Here’s the killer evidence. I cite three studies in Nest Egg Care, but this is a fourth study. It’s a thorough 30-page report. Here’s my short summary.


• Over a one-year period, 60% of funds headed by an active mutual fund manager failed to outperform what the market gave all investors. (This report is using market returns as the benchmark for comparison. Our investing cost is so low that I assume this comparison applies to the net we keep.) This means we Nest Eggers outperform 60% of the time. (You can see in the study that in some prior one-year periods Nest Eggers outperformed 80%.)


• Over a five-year period, 85% of active fund managers failed to outperform. They are inconsistent. The ones that did well in a year or two don’t repeat. We Nest Eggers outperform 85% of the time. (We’re in the top 15%. I find it pretty amazing that we outperform that many in that short period of time.)


• Over a 15-year period, about 93% of active fund managers failed to outperform. We Nest Eggers outperform 93% of the time. We’re in the top 7%.


We’re actually better than this. This is comparing results of funds not investors. Investors who hold more than one actively managed fund (And they all own many more than just two or three.) won’t hit that 93% mark. They’ll be lower since not all the funds they own will be in the top 7%; the average of the funds they own will be less. And these data exclude the effect of added investment advisor fees that many retirees pay. That would make Nest Eggers’ rank even better.




It’s not easy for our brains to absorb and accept this evidence. It’s just not how we think about ourselves: we work hard; we are smart; we are above average. That’s why we have a nest egg to worry about. Investing to accept a shade less than what the market gives all investors (gross market returns) just doesn’t seem to fit who we are. Our brains and our ego tell us we can do better than that. (And, boy, does the financial industry live off this mental misfit with the facts.)
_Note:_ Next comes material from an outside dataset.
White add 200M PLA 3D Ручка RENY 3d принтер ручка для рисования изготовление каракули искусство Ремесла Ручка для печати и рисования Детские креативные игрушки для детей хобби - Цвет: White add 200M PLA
My friend, Dave, is an example, of someone who has not changed from the way he has invested for years. Dave invests in actively managed funds as he has his whole life; he also pays an advisor to look for openings and ways to beat the market. (I think Dave actually has some disdain for index funds.) The cold, hard evidence says that this approach is not the winning game tactic for his stage of life. I’ve not had success in convincing him to change what I now consider to be a very bad habit.
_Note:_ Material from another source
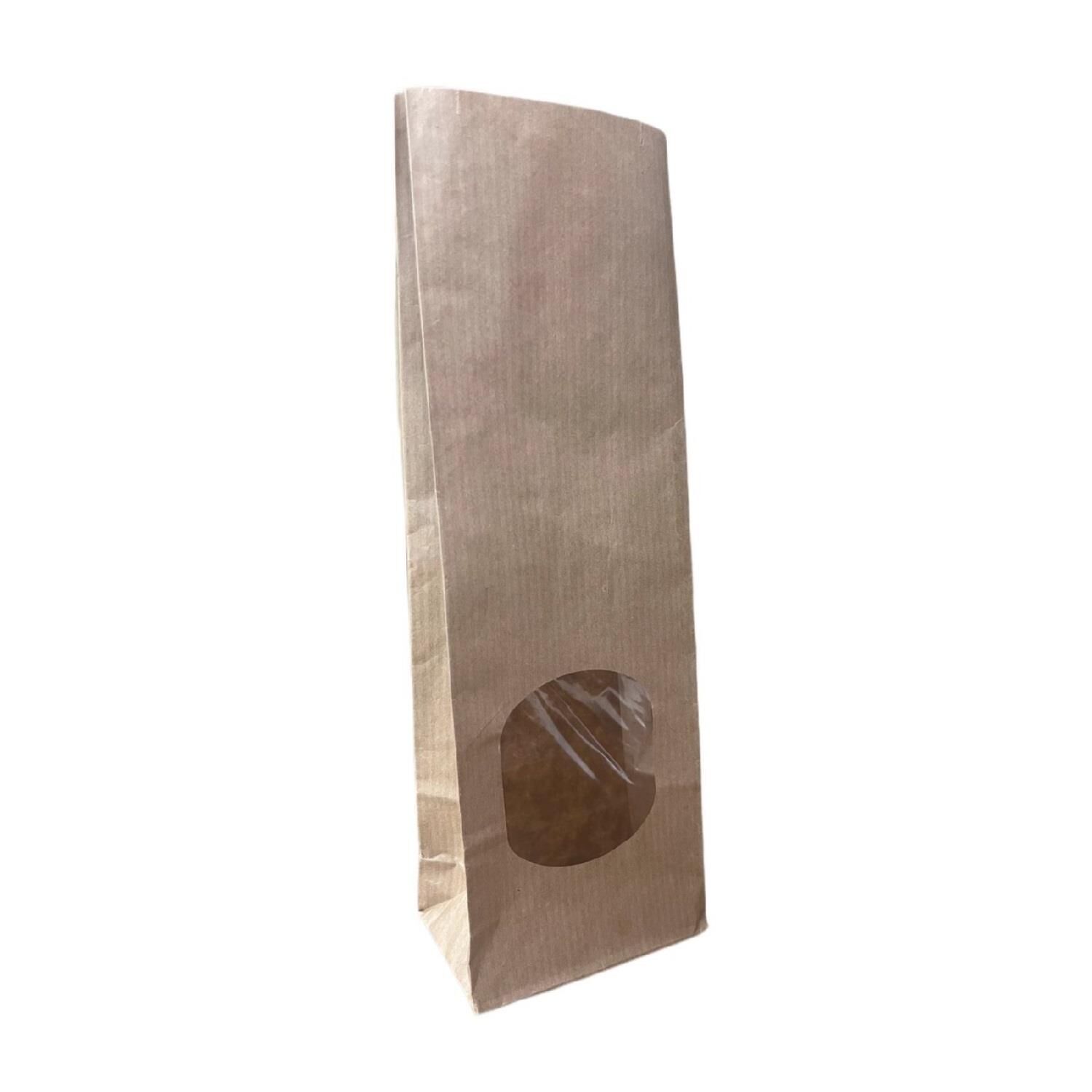 Brown Kraft Windowed Flat-Bottom Paper Bag M 8×25×5cm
Why will Dave underperform? Dave and others like him are going to spend unnecessarily and on average only keep about 85% of the returns the market will give. Why? Because the greater fees of actively managed funds lower what the typical investor keeps by about one percentage point (See Chapter 6, Nest Egg Care for detail.) Since Dave employs an advisor at about another one percentage point, he most likely will keep only about 70% of what the market will give all investors over time. Those differences could add up to roughly $500,000 over the years. (See Chapter 6.) That’s a heck of a lot less for Dave to ENJOY or to have for his heirs.


Worse (and something few ever discuss), Dave’s changed the shape of his hockey stick – the curve of the year-by-year probability of depleting a portfolio. He’s shortened the shaft of a stick that he thinks is safe: it’s fewer years than he thinks to the first chance of depleting. The blade angle (the rising probability of depleting thereafter) starts its rise earlier. That earlier rise translates to a probability of depleting that’s maybe six times in out years than it would be if his investing costs were like mine. (See Chapter 6 again.)



Conclusion: We Nest Eggers are hard working, smart, and above average. We’re logical, efficient and effective. We are able to accept the evidence that tells us to invest to predictably keep 98% of what the market (stock and bond returns) gives all investors: this decision is central as to who we are. When we keep 98%, we will be in the very top ranks of investors over time.